- Film poster
- Directed by: Marek Polgar
- Written by: Martyn Pedler
- Produced by: Danielle McCarthy; Kate Pappas; Martyn Pedler; Marek Polgar; Mark Williams;
- Starring: Kylie Trounson; Michael Finney; Hannah Moore;
- Cinematography: Sasha Whitehouse
- Edited by: Patrick McCabe
- Music by: Shaun Keyt
- Distributed by: Surface Tension Films; Zero Gravity Management;
- Release date: August 2011 (Fantasia);
- Running time: 90 minutes
- Countries: Australia; Canada;
- Language: English

= Exit (2011 film) =

Exit is a 2011 science fiction thriller film. The film premiered at the 2011 Fantasia International Film Festival.

==Plot==
In the film, inhabitants of a city begin to believe they are living in a giant maze. They leave their lives behind to walk the streets opening doors, searching for the door they are convinced has been lost for thousands of years: the exit from the city. Whatever is behind it is the subject of contemplation and conflict in the film.

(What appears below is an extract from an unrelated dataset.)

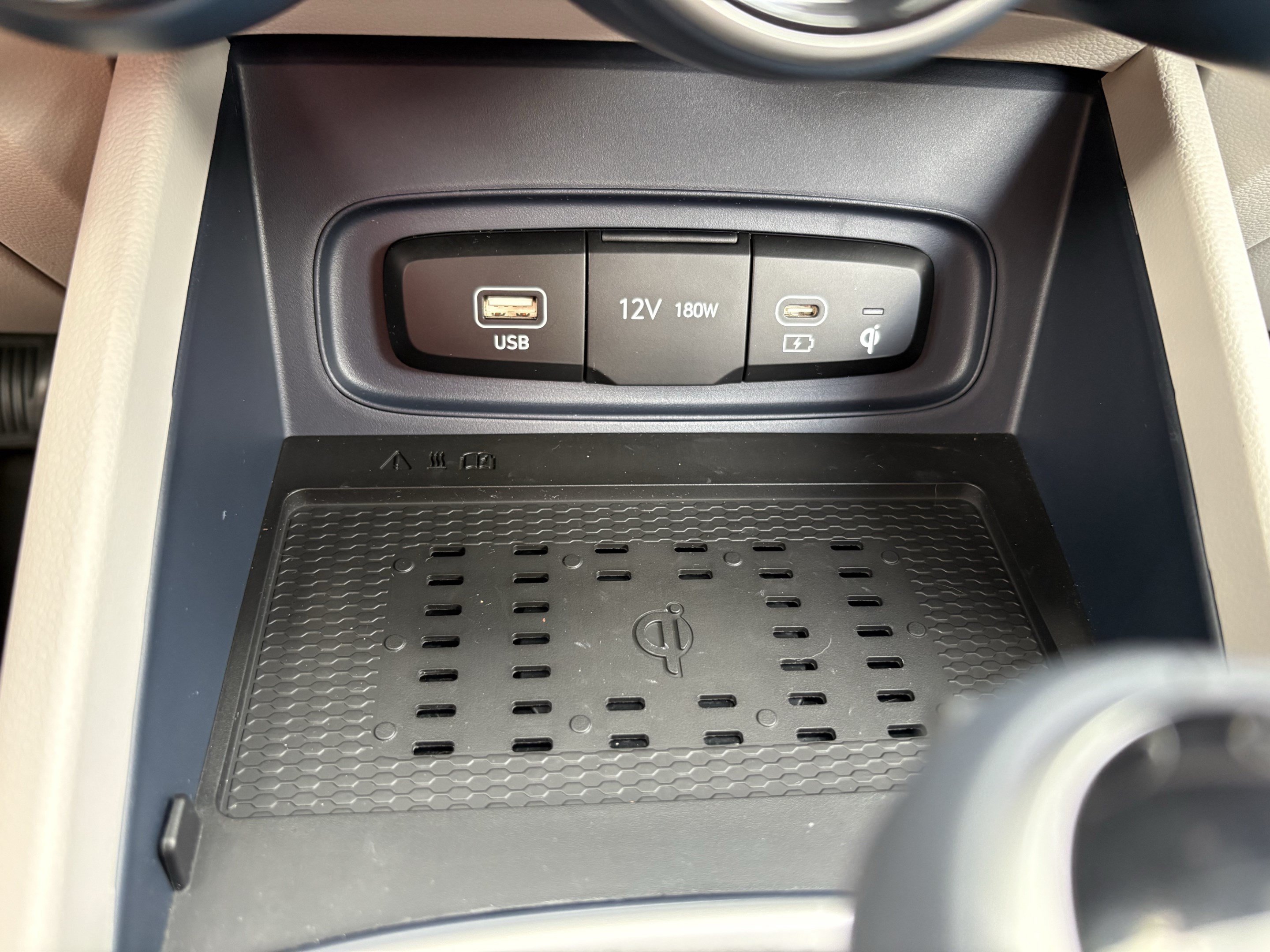 Certified 2025 Hyundai Venue Limited FWD image 14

The story focuses on one inhabitant, Alice, and her team that believes she has found it using a strange system of maps, symbols and measurements.

==Filming==
The film was filmed in a bleached out fashion largely around The Hoddle Grid in Melbourne's Central business district.

==Reception==
Neil Mitchell of the Eye For Film had given the film 4 out of 5 and compared it to Stalker, Primer, and The Matrix.